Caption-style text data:
>>

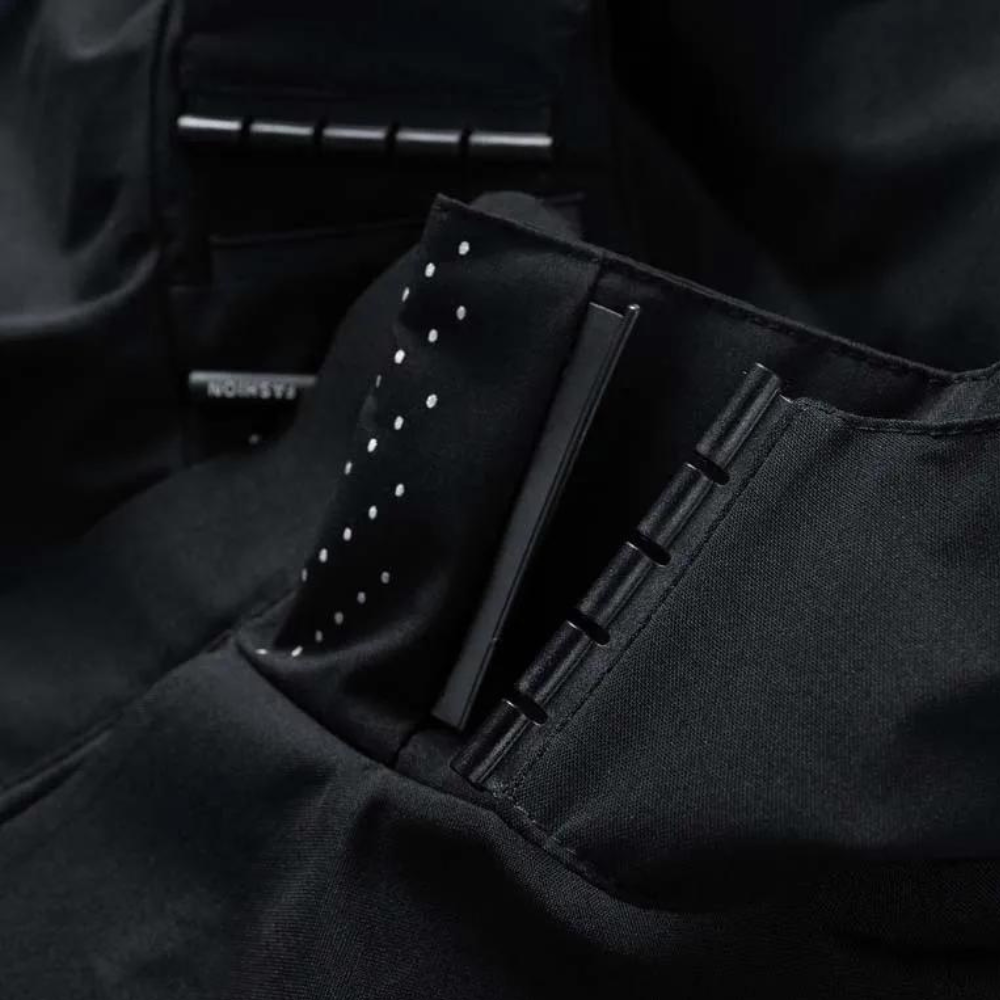 WW | Hoodie With Detachable Hood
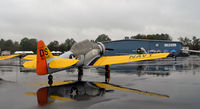 N645DS @ KCJR - Culpeper Air Fest 2013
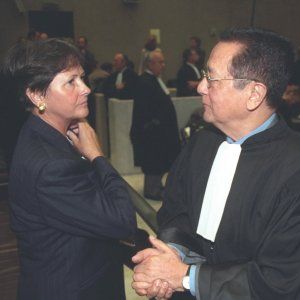 Foto O Advogado do Terror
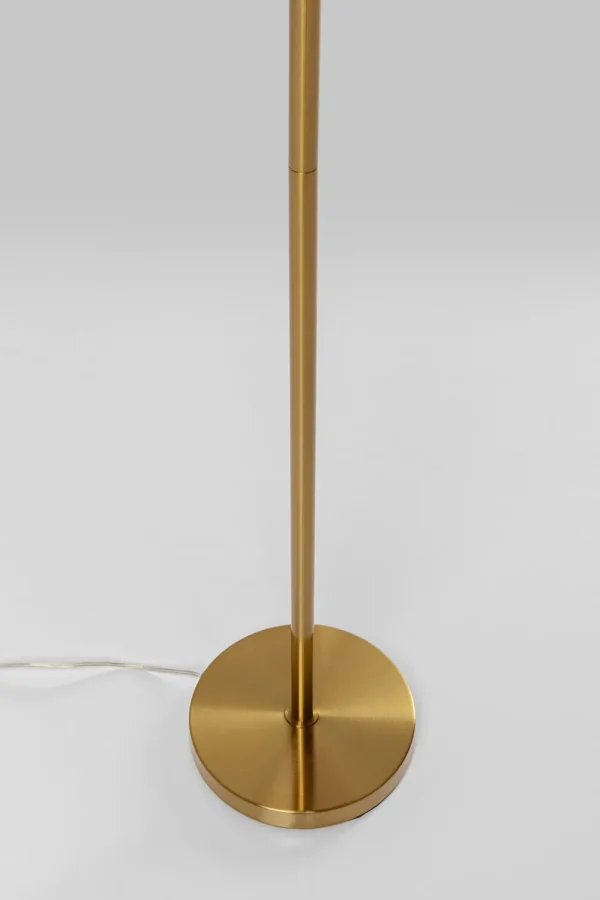 KARE Design Vloerlamp Feather Palm Brown 165cm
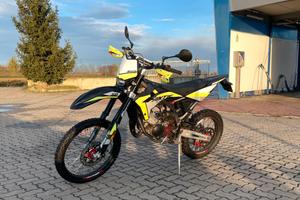 FANTIC PERFORMANCE Enduro 50 ORIGINALE-2021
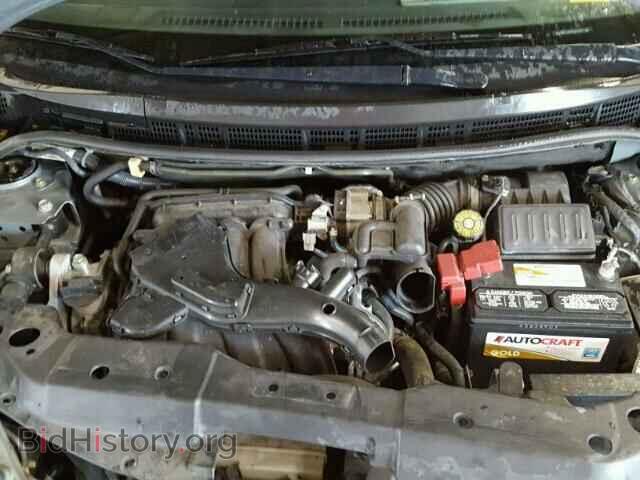 2012 NISSAN VERSA - VIN: 3N1BC1CP3CK242148 - Photo 7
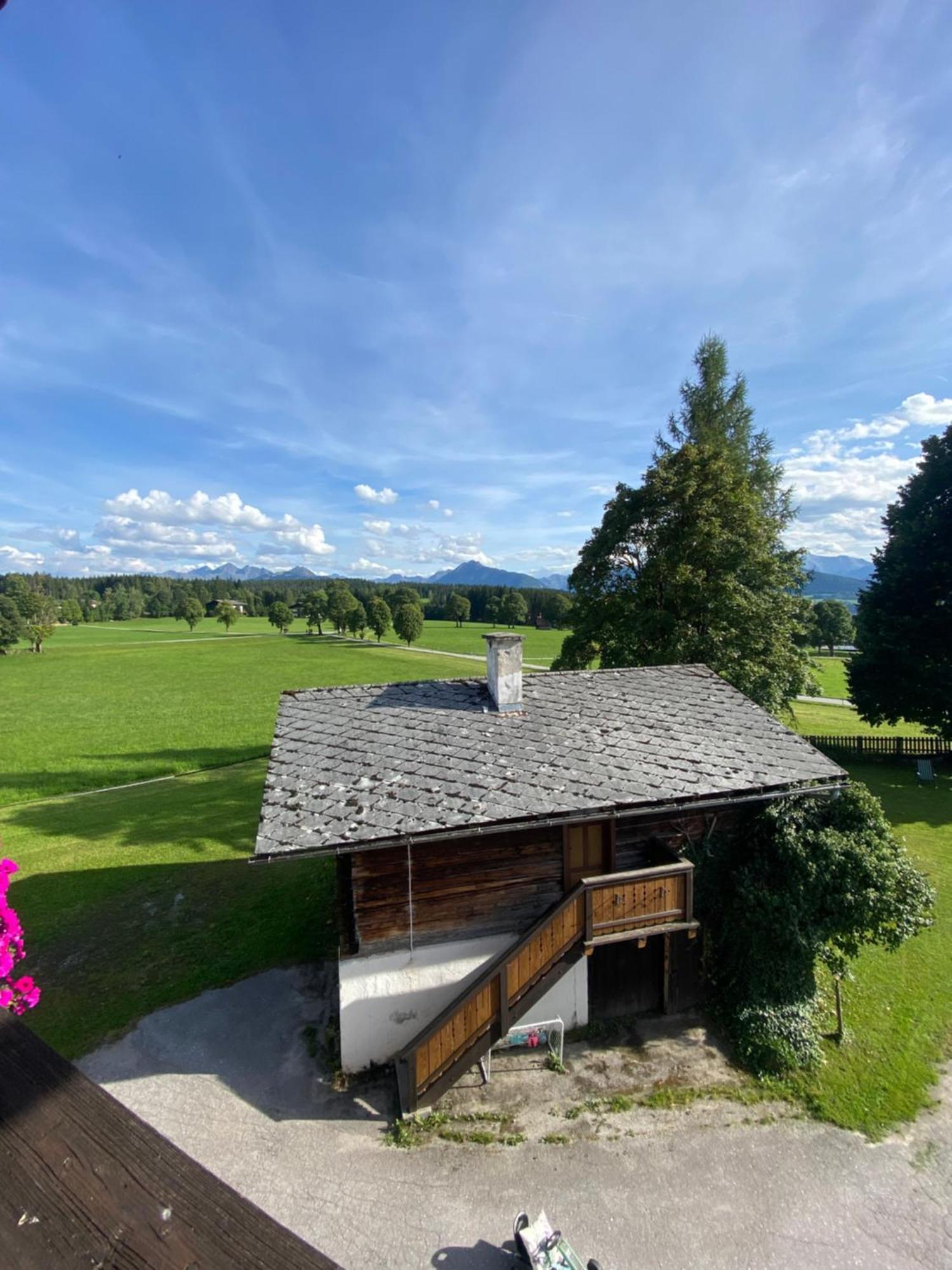Appartement Bauernhof Helpferer *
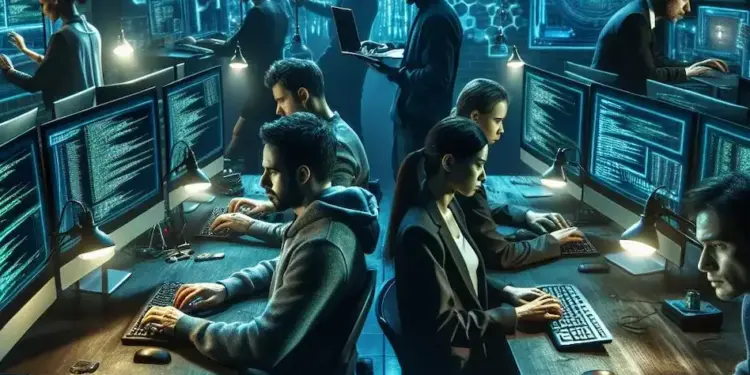 Scary aspect of technology: AI threatens engineer's affair, questions raised on security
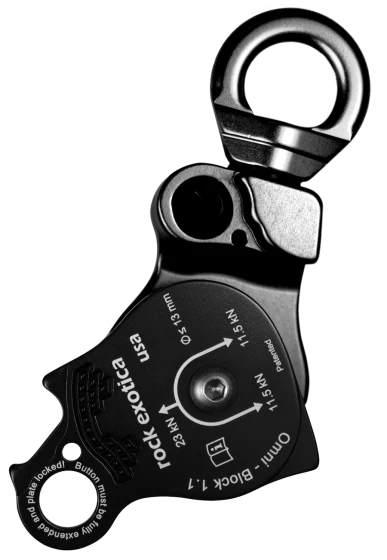 Rock Exotica Omni-Block 1.1"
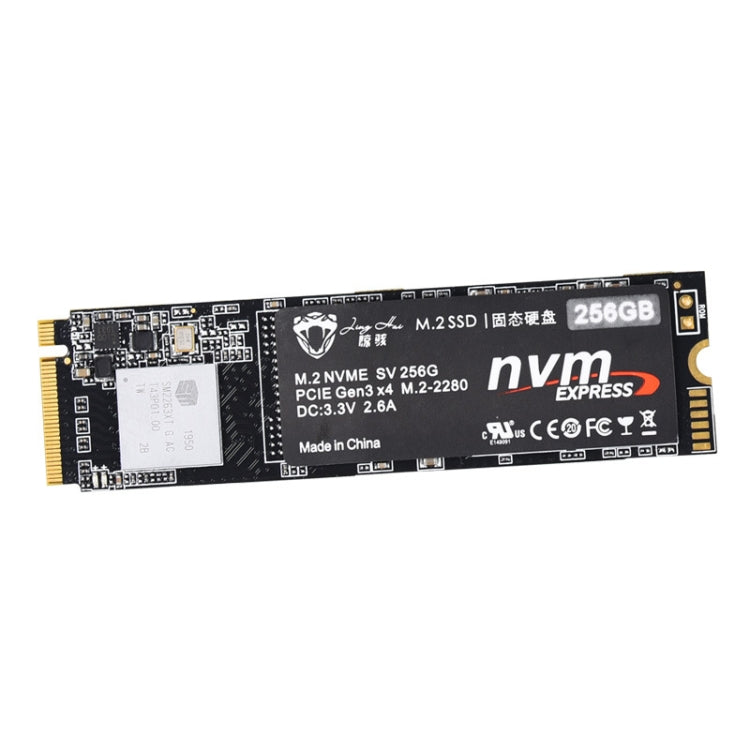 JingHai M.2 Interface Solid State Drive PCIe NVMe High-Speed SSD Notebook Desktop SSD My Store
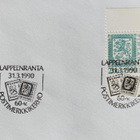 Erik.leima - Lappeenrannan postimerkkikerho 60 v. 1990 - pikkukuva 2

<<

REQUIRED ACTION.
Return exactly the lines from the one containing "Foto O Advogado do Terror" through the end of the records, leaving out every picture.

TASK RESPONSE.
 Foto O Advogado do Terror
 KARE Design Vloerlamp Feather Palm Brown 165cm
 FANTIC PERFORMANCE Enduro 50 ORIGINALE-2021
 2012 NISSAN VERSA - VIN: 3N1BC1CP3CK242148 - Photo 7
Appartement Bauernhof Helpferer *
 Scary aspect of technology: AI threatens engineer's affair, questions raised on security
 Rock Exotica Omni-Block 1.1"
 JingHai M.2 Interface Solid State Drive PCIe NVMe High-Speed SSD Notebook Desktop SSD My Store
 Erik.leima - Lappeenrannan postimerkkikerho 60 v. 1990 - pikkukuva 2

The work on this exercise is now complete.